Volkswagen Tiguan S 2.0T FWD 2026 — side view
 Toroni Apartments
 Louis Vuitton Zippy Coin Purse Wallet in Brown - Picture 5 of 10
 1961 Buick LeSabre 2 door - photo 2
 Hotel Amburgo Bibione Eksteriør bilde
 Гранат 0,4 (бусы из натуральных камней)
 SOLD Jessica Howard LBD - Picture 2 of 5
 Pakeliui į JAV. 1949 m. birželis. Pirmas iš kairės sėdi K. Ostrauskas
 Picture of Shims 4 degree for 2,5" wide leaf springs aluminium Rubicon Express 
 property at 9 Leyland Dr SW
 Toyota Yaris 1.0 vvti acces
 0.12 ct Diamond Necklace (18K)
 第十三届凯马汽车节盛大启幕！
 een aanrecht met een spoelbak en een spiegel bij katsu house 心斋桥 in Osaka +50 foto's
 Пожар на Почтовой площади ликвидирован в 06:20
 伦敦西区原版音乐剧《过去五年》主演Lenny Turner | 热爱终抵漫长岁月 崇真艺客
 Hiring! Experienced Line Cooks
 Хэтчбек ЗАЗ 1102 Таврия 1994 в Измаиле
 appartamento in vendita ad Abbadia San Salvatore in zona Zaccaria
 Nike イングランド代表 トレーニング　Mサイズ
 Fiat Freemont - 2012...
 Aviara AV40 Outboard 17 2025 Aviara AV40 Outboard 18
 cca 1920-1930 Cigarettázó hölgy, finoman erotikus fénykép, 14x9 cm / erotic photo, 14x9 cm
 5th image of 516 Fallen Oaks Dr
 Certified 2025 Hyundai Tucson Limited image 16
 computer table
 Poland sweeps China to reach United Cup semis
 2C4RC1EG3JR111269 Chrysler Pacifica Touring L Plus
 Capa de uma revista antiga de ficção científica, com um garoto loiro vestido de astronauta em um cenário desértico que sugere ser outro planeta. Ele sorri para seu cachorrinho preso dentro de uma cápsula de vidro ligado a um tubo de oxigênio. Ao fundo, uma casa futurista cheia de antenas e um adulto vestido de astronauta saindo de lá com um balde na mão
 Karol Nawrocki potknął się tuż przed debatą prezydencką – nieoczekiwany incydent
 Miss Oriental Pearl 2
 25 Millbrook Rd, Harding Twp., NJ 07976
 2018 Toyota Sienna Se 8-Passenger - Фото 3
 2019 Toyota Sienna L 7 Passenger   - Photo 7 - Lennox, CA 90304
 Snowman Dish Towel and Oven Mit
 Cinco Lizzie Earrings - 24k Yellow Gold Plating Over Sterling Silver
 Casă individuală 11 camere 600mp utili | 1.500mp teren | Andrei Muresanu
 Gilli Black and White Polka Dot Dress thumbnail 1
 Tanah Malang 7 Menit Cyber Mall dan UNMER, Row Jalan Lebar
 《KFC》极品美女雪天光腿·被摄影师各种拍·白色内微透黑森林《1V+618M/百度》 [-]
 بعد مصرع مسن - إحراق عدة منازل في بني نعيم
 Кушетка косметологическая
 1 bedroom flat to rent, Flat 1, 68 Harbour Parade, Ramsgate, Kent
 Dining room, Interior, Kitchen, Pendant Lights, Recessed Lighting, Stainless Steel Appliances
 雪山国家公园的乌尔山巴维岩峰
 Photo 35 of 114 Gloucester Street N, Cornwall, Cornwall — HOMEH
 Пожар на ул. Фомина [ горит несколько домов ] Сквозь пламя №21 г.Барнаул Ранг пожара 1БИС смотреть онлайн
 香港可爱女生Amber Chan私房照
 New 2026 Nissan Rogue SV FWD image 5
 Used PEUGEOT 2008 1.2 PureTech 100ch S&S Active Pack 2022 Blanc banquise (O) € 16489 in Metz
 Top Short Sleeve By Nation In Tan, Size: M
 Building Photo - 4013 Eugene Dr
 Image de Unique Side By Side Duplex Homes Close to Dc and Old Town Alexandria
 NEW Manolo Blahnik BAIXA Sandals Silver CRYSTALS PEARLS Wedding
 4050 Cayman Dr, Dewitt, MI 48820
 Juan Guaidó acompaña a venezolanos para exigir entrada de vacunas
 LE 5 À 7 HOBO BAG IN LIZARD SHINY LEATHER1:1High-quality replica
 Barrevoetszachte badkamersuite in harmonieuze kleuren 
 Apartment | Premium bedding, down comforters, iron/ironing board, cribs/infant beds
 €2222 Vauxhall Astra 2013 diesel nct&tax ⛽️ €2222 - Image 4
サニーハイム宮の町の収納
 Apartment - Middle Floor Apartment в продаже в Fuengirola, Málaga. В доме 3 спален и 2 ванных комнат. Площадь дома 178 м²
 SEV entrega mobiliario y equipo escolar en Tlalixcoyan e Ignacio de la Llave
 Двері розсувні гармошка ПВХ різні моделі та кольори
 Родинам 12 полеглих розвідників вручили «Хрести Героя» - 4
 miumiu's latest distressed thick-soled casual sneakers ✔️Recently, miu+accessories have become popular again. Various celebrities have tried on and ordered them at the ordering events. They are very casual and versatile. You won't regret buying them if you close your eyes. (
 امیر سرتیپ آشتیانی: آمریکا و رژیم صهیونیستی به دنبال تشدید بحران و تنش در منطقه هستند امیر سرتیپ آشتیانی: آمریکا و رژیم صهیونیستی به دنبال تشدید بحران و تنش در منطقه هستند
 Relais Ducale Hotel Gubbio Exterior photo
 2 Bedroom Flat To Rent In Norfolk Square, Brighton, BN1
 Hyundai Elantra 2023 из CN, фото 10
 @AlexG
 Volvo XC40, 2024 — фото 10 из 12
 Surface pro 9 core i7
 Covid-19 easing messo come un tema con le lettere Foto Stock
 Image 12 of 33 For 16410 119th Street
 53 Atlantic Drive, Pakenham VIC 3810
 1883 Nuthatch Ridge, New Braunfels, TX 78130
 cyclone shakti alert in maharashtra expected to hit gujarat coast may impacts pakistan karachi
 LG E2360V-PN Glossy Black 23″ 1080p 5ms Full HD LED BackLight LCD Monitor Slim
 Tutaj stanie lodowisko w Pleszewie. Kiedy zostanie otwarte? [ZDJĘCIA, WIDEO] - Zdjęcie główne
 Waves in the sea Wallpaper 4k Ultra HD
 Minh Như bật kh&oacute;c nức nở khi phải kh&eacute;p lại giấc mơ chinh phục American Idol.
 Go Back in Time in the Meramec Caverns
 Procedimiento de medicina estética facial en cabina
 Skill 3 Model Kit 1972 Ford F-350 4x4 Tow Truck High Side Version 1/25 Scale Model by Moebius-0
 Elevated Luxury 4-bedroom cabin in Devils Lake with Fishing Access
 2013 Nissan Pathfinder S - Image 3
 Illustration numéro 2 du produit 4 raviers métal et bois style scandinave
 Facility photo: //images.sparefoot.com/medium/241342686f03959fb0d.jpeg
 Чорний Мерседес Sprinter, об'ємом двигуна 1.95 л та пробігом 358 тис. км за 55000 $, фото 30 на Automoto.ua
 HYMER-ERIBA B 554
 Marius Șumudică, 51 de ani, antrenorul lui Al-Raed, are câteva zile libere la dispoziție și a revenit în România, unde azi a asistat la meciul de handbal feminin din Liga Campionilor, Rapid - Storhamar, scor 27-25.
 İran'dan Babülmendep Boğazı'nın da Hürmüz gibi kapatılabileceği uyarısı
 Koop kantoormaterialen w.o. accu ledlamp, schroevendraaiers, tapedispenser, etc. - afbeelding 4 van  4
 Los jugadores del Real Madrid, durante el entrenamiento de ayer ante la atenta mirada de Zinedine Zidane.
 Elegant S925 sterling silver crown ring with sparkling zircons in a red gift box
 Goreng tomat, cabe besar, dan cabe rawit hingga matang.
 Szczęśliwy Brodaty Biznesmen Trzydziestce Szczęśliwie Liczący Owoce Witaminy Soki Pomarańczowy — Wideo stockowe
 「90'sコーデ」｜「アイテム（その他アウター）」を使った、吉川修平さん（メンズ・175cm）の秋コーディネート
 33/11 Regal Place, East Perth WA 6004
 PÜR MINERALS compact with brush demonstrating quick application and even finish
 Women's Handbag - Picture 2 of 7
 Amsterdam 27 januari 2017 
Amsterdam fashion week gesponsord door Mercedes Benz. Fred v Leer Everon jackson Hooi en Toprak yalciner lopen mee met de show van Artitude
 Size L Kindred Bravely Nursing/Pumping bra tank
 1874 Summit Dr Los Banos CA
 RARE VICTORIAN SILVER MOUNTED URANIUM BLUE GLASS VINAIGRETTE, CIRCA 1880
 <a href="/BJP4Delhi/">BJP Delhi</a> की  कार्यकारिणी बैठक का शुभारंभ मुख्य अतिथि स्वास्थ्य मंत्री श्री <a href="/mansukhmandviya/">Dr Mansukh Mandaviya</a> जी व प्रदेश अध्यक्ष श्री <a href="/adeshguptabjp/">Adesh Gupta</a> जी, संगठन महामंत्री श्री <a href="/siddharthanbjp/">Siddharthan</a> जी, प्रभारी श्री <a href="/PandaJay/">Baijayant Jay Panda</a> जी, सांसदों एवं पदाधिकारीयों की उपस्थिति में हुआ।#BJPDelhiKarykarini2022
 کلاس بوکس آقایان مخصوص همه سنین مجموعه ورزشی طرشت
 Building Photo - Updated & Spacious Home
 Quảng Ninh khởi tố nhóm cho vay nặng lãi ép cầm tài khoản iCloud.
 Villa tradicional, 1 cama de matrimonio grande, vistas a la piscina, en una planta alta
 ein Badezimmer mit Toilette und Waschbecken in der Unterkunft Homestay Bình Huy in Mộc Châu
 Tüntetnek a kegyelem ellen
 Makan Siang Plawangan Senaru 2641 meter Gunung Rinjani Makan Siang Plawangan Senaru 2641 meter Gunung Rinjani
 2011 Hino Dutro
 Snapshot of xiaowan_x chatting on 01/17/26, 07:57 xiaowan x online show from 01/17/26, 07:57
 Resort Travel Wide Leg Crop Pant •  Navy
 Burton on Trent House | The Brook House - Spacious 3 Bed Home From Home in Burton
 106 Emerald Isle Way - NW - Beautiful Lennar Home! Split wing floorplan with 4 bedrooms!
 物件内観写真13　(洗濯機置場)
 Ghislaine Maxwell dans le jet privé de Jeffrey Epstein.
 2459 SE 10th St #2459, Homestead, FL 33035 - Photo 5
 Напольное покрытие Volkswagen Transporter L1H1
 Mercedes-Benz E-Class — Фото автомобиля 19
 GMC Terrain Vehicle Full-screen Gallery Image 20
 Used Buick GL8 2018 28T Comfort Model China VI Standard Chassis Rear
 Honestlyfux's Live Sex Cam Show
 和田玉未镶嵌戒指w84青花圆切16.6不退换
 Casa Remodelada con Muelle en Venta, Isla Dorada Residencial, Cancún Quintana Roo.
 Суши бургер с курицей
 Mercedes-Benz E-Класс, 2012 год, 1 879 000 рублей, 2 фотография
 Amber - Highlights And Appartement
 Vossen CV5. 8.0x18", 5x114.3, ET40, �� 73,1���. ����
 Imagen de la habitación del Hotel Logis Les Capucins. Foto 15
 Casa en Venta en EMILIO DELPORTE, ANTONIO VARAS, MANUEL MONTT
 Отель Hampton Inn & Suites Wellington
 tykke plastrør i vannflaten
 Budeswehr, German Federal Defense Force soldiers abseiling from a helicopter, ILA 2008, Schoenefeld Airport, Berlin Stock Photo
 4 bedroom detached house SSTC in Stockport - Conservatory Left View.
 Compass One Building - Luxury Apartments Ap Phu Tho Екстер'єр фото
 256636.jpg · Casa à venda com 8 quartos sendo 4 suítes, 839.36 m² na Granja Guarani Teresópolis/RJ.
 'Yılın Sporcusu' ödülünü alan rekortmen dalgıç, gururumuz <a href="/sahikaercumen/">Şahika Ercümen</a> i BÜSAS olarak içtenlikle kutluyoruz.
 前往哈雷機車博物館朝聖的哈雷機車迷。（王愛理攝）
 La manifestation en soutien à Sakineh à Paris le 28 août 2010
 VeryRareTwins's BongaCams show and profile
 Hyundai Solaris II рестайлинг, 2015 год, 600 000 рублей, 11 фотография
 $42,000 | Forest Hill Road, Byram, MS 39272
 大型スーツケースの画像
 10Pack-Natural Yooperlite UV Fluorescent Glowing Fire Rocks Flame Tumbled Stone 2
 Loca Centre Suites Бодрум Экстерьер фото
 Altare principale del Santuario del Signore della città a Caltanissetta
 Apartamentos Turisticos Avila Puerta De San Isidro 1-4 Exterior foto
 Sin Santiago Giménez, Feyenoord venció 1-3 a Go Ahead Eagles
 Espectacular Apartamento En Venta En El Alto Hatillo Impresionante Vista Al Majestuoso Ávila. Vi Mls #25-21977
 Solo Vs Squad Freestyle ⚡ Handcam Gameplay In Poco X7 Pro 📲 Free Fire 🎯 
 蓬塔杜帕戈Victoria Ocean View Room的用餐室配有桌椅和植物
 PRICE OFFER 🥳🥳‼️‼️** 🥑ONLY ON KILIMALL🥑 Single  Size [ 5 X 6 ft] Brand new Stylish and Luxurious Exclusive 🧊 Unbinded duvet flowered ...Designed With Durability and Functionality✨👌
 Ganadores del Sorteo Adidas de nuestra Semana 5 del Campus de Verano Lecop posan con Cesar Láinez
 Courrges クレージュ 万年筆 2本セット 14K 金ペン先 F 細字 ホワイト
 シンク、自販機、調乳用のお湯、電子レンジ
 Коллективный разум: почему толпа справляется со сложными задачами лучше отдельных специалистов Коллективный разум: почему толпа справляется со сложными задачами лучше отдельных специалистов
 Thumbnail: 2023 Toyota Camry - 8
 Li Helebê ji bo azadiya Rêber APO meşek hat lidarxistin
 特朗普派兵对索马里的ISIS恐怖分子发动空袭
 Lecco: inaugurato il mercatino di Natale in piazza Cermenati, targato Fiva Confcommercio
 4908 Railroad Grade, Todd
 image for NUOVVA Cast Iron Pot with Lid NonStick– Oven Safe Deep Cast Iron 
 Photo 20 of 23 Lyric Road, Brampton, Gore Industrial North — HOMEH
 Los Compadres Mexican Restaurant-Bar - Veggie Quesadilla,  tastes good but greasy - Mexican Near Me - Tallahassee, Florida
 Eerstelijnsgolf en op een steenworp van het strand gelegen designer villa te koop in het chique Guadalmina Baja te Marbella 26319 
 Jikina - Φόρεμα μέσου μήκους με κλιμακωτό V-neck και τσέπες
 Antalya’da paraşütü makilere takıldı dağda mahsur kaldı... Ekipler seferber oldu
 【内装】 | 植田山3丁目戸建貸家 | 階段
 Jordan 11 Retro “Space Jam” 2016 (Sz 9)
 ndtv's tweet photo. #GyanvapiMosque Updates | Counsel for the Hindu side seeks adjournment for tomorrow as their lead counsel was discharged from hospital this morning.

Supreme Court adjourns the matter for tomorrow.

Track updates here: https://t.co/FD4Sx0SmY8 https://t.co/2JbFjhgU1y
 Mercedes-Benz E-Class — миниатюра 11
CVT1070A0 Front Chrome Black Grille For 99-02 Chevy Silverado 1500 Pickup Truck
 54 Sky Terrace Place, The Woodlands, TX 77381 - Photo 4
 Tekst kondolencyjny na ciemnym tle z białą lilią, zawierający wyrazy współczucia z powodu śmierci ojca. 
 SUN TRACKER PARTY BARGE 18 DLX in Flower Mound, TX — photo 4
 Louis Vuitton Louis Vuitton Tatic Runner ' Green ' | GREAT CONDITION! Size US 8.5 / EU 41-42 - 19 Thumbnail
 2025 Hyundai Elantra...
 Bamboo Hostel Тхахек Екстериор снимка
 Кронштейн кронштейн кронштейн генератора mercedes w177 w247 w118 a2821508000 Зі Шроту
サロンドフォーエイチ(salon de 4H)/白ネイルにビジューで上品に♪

[EXERCISE GOAL] Out of the data above, transcribe exactly and only the lines starting with the line that has "Go Back in Time in the Meramec Caverns" and going on through the line that has "Чорний Мерседес Sprinter, об'ємом", both included.

[ANSWER BELOW]
 Go Back in Time in the Meramec Caverns
 Procedimiento de medicina estética facial en cabina
 Skill 3 Model Kit 1972 Ford F-350 4x4 Tow Truck High Side Version 1/25 Scale Model by Moebius-0
 Elevated Luxury 4-bedroom cabin in Devils Lake with Fishing Access
 2013 Nissan Pathfinder S - Image 3
 Illustration numéro 2 du produit 4 raviers métal et bois style scandinave
 Facility photo: //images.sparefoot.com/medium/241342686f03959fb0d.jpeg
 Чорний Мерседес Sprinter, об'ємом двигуна 1.95 л та пробігом 358 тис. км за 55000 $, фото 30 на Automoto.ua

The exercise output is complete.